He Chose to Stay

“Father, I’ve buried two brothers, my stepson and my husband,” I wept openly that Friday night in 2010 when I showed up for services at Blessed Seelos Church in New Orleans. “I can’t bury my son.  I just can’t do it,” I cried, distraught with worry that my son Christian might die of a drug overdose. “Stop!” Fr. Benson ordered gently but forcefully in his Irish brogue. “Give the boy to me and I will take him to the Lord,” he continued.  “You go home and grieve your husband’s death.”

The moment the gifted priest and healer spoke those words to me, I felt my burden lift, instantly, completely.  It was nothing less than a miraculous shift, and I was transformed in one second from a worried-sick mother to a confident daughter of God, suddenly experiencing “the peace that surpasses all understanding” standing guard over my heart and mind (Phil. 4:6).   I walked out of the church with light shoulders and an inexplicable anticipation that something was about to change.

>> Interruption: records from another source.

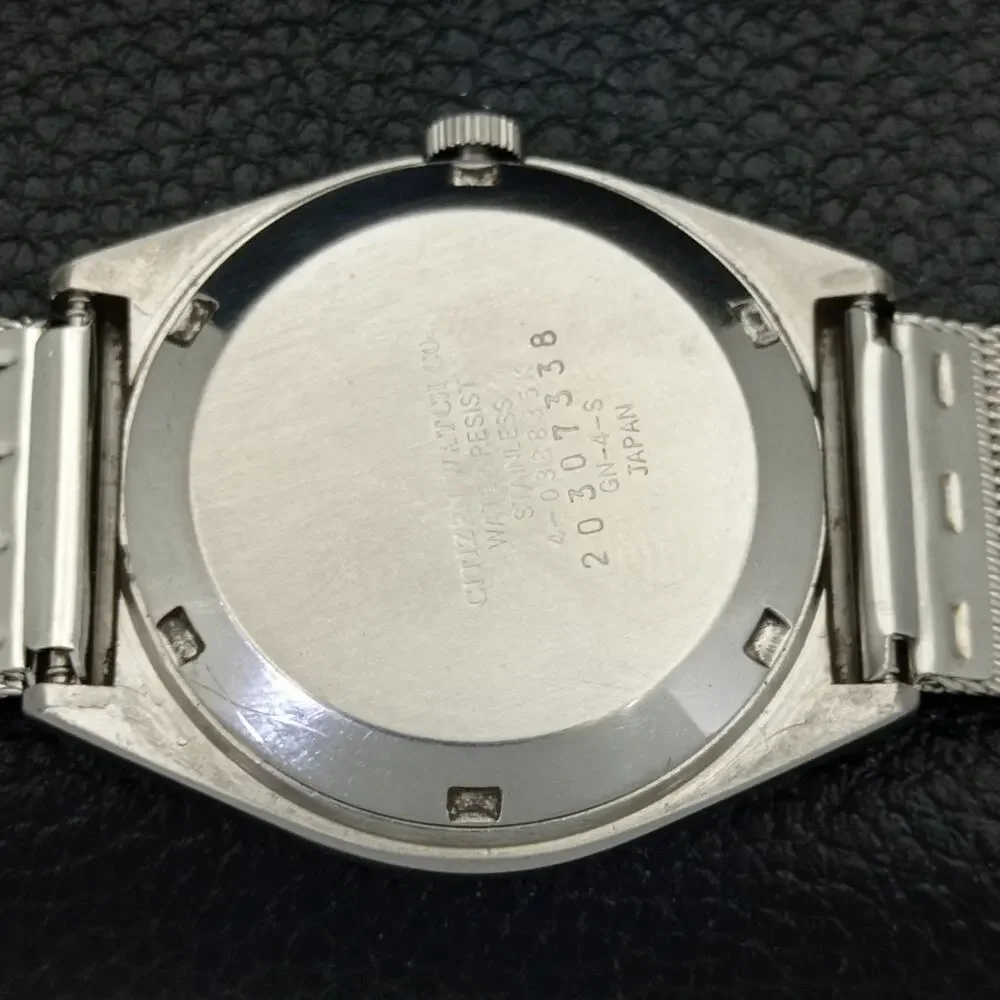 Vintage 1987 Citizen Automatic Mens Silver Watch W/daydate & Patina accents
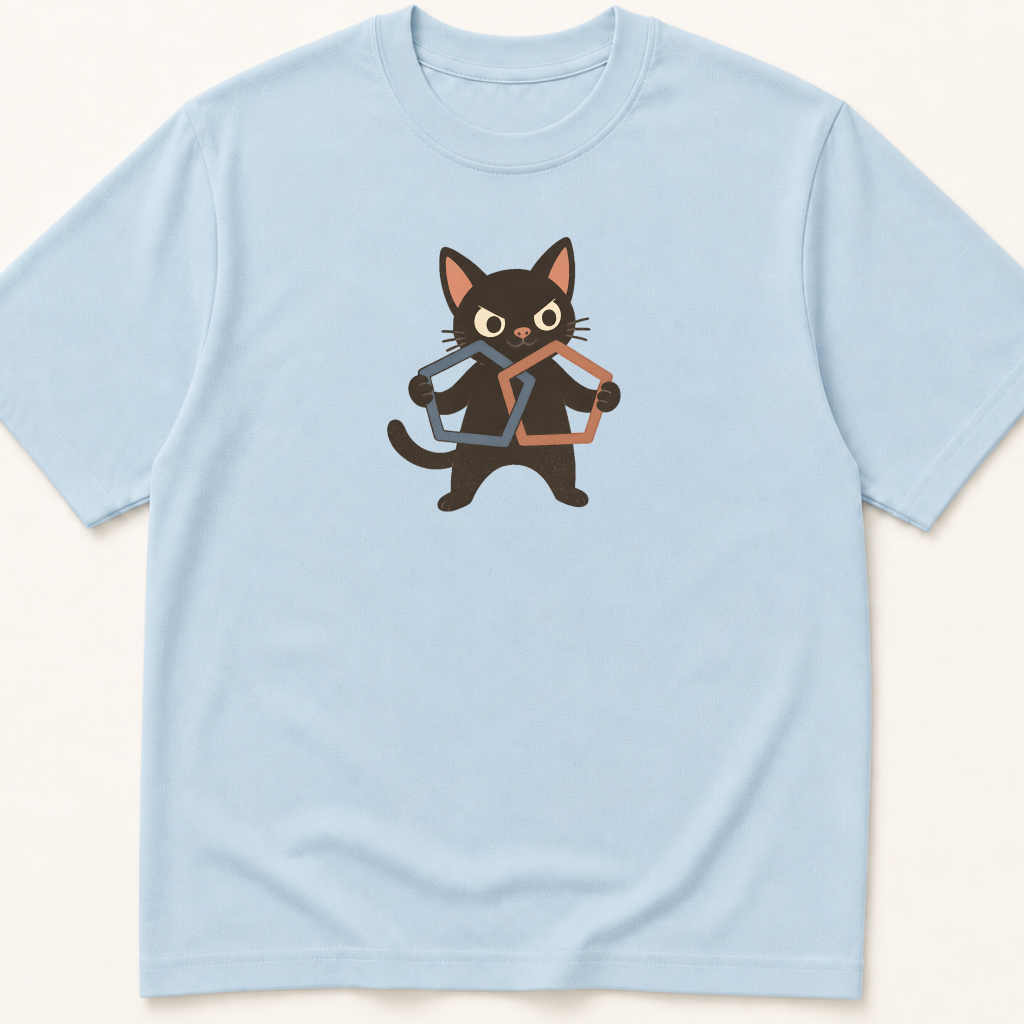 Alternate view of the illustrated pentagon-drawing cat garment-dyed cognitive assessment t-shirt.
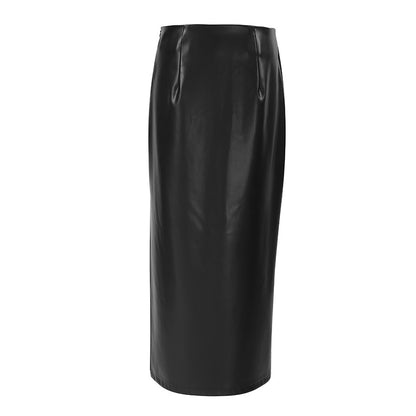 French Sheath Leather Skirt Autumn And Winter Black Slit Straight Skirt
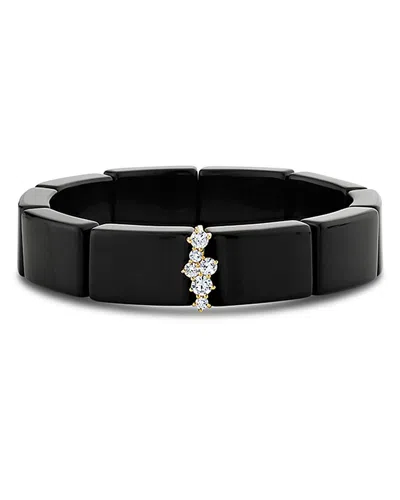 Sydney Evan 14k Yellow Gold Cocktail Diamond & Square Bead Onyx Bracelet In Black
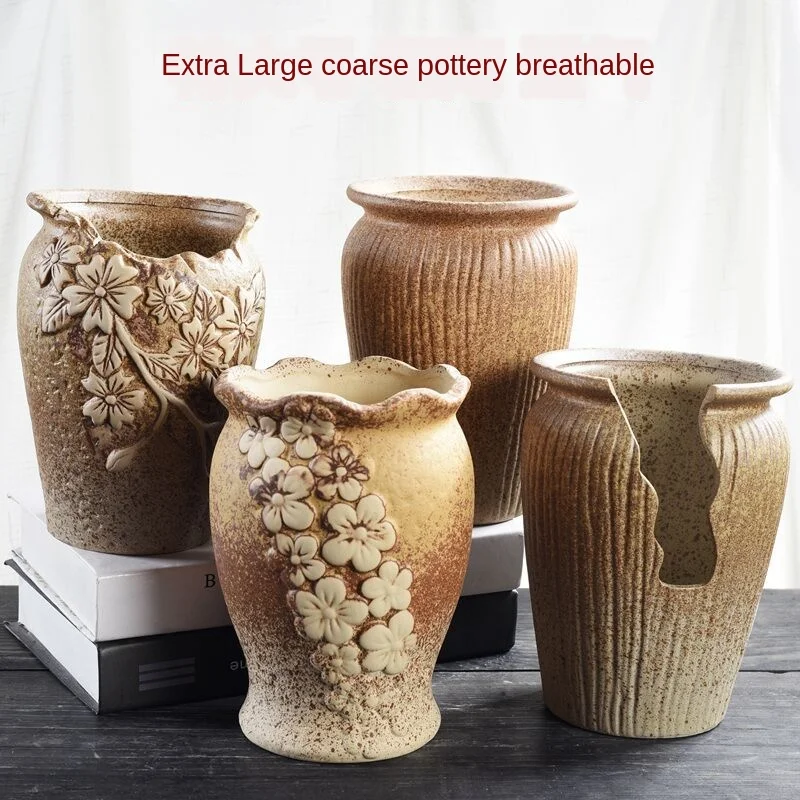 

Flower Pot Large Extra Large Old Pile High Pot Retro Breathable Creative Simple Clay Pot Stoneware Ceramic Fleshy Flower Pot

Five days later, I got a call from Christian.  “Mom, guess who I just hung up with!” he started in excitedly.

“Who?” I asked, not sure if I wanted to hear the answer.  My phone conversations with Christian had been dismal and alarming for months.  The last few calls had come at three in the morning, with Christian on the other end telling me he feared he would die if he continued down the path he was on.

“I just spoke to Albino from Communita Cenacolo!” my son said with the first glimmer of hope I’d heard in his voice for a long time.  “I called and made an appointment to go to orientation at the Community next week.  Will you take me, Mom?”

Stunned by what I was hearing, I muttered, “Of course I’ll take you!”  I had been asking Christian to enter Cenacolo—a Catholic community for recovering drug addicts—for several years.  I had even called two years earlier and added his name to the waiting list, hoping and praying that God would work a miracle that would make him willing to go.  “I’m not going to some Jesus camp, Mom, so you can forget it!” had been his insistent reply. As time passed, my fear grew that his addiction would win.  I never imagined that Christian would call Cenacolo himself to inquire about entering.  But miracles do happen.

A week after that phone call, Christian, my friend Mary Lou and I were on the road to Cenacolo.  We were headed to Our Lady of Hope in St. Augustine, Florida; one of 65 houses that have sprung up around the world in the thirty years since a nun named Mother Elvira founded the Community in Italy.  Mary Lou’s son John had entered the same house a year earlier, and my daughter Kara had followed shortly thereafter to do “an experience” at the St. Maria Goretti girls house.  Though Kara had no idea what had transpired on our end, she and the entire house of girls had been praying a novena to St. Rita of Cascia--the patron saint of impossible causes--for Christian to enter the Community.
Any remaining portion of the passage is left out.